Jim Hensons „Labyrinth“ – David Bowie und seine Monster-Show

Selten sprach David Bowie über seine Mitwirkung an Jim Hensons Puppenfilm "Labyrinth". ROLLING STONE über ein Werk, das heute nicht mehr gedreht werden würde – und gerade deshalb seinen Charme behalten hat.

Auf Position drei steht der Goblin King. Ob es einem gefällt, oder nicht. Auf Position drei der bekanntesten Kunstfiguren David Bowies. Gleich nach Ziggy Stardust und dem Thin White Duke. Reiterhosen, Stiefel, Tina-Turner-Perücke und Vulkanier-Augenbrauen. Als Herr über das „Labyrinth“ und einer Armee kleiner Monster versuchte Bowie, 39, ein weiteres Mal im Kino Fuß zu fassen.

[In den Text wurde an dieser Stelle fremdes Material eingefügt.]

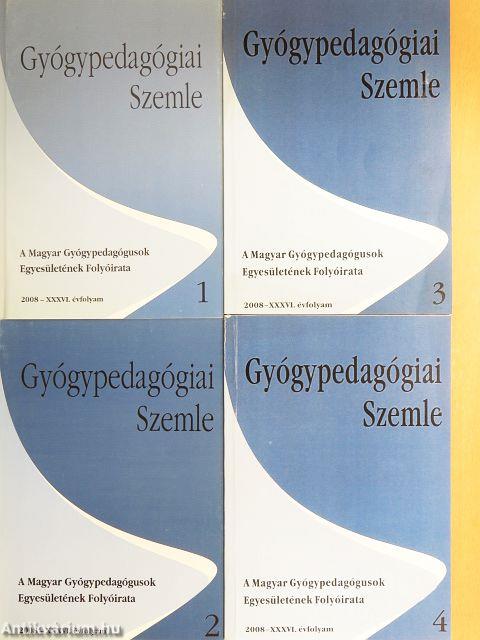 Gyógypedagógiai Szemle 2008. január-december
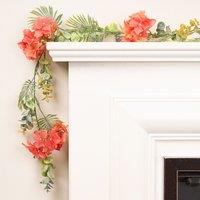 Scottish Everlastings Ltd 140cm Tropical Coral Garland Pack 2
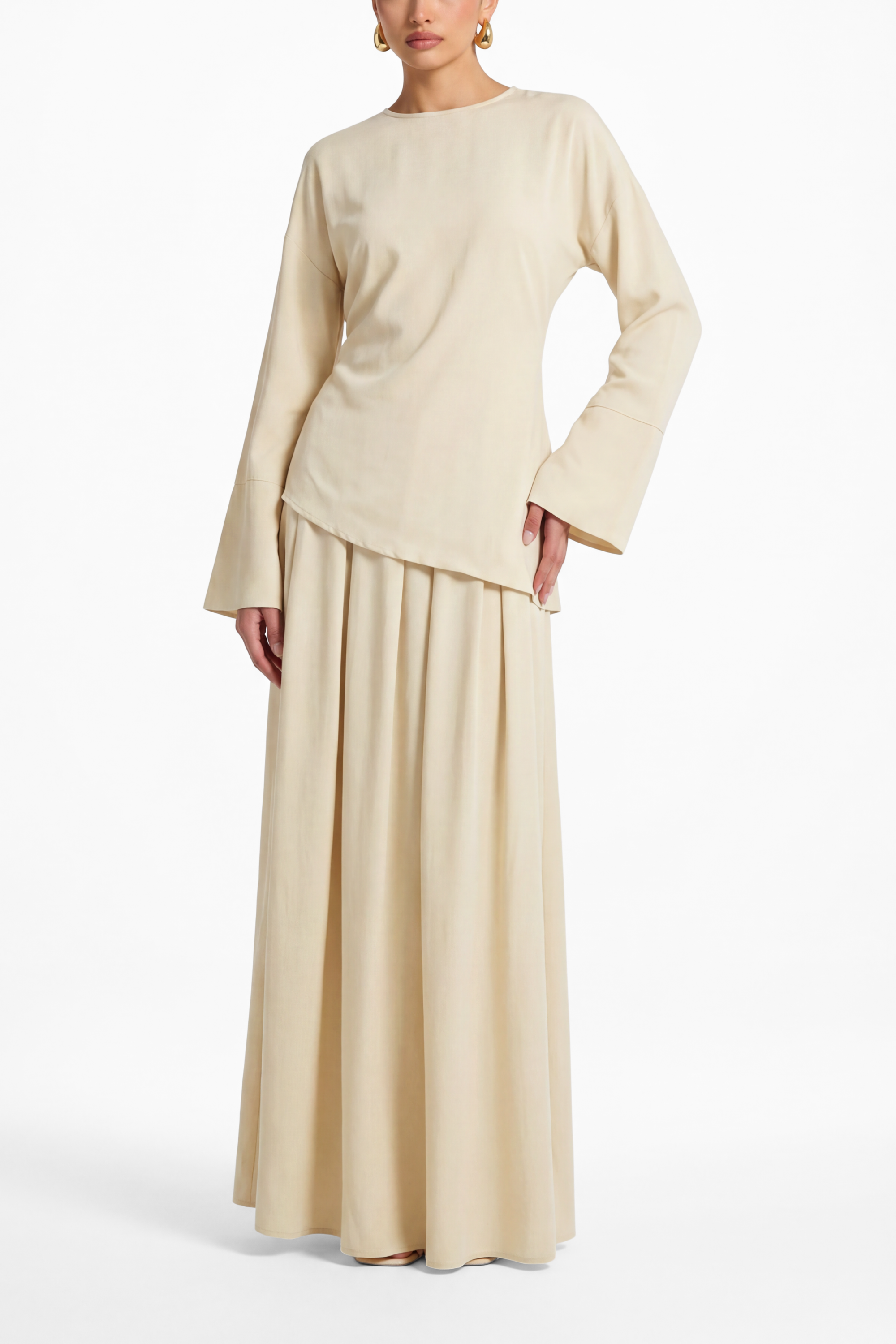 Anna Two-Piece ا Pastel Yellow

Zwar floppte der 1986 ins Kino gekommene Kinderfilm, spielte nicht einmal die Hälfte seiner Produktionskosten von 25 Millionen Dollar ein. Aber die groteske Erscheinung des Popstars fehlte heute in keinem Bildband, keiner Chronologie, die sich der Rollen Bowies widmet.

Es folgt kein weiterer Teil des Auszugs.